Machine Learning

Introduction to Machine Learning (ML) Concepts

Machine Learning (sometimes also called AI) is a collection of methods and models that can be used to discover information, patterns, and associations, and/or can model, classify, and predict.

ML methods can be supervised, unsupervised, semi-supervised, and reinforcement.

Supervised Methods:

Train models using data that has known labels or categories.

Example: Supervised methods use data that is labeled. Ths means that each row of data (or image etc. if working with other data formats) is KNOWN and part of a known group or class. For example, you might have data about movie reviews where each review is already known to be “positive”, “negative”, or “medium”.

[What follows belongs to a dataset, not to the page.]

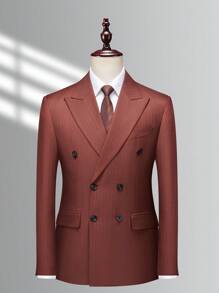 Manfinity Mode Men 1pc Double Breasted Blazer - Burgundy - View 1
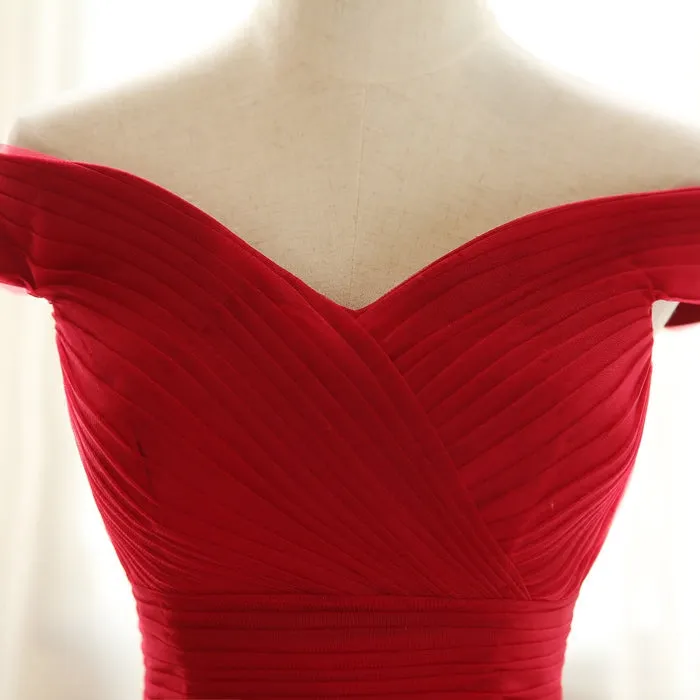 Simple Ball Gown Off Shoulder Tulle Prom Dress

With labeled data, models can be TRAINED to find the patterns that are most likely to result in one of the given labels. For example, the text in a positive movie review is likely to contain “happy” words like “good”, “great”, “loved”, etc. There are many examples of this and supervised methods seek to LEARN how to classify and predict data into a known category. Examples are Naive Bayes, Regression, Decision Trees, SVMs, etc.


Unsupervised Methods:

Use unlabeled data to discover pattern, categories, and/or associations.

Examples:

Unsupervised methods use data for which the structure, labels, and/or categories of the data are unknown. Clustering is a common unsupervised method that uses distance or similar measures/metrics to group (cluster) data rows (vectors) into clusters. Each cluster contains data rows that are similar to each other and distant from the data rows in other clusters.

Deep Learning using Neural Networks to discover patterns or information in data that is not labeled or structured.


Semi-supervised Methods:

Use a small amount of labeled data to attempt to label (and then use for modeling) larger datasets.

Sometimes, data is not labeled but we want to use it to train a model. Other times, we have a little bit of labeled data, but most is unlabeled. For example, suppose you download all the text for 1 million political Tweets. However, you do not know if the Tweet is a Republican, Democratic, or Independent tint or view.

By Hand: You can read each Tweet, and label it as R, D, or I. However, you do not wish to do this 1 million times :). So, instead, you do it, say, 100 times. Now you have some labeled data and a lot more unlabeled data. You then use the labeled data to start to build the model.

Within this area is also self-supervised and self-training, etc.


Reinforcement Methods: Use feedback or a reward system (positive and/or negative) in training and discovery.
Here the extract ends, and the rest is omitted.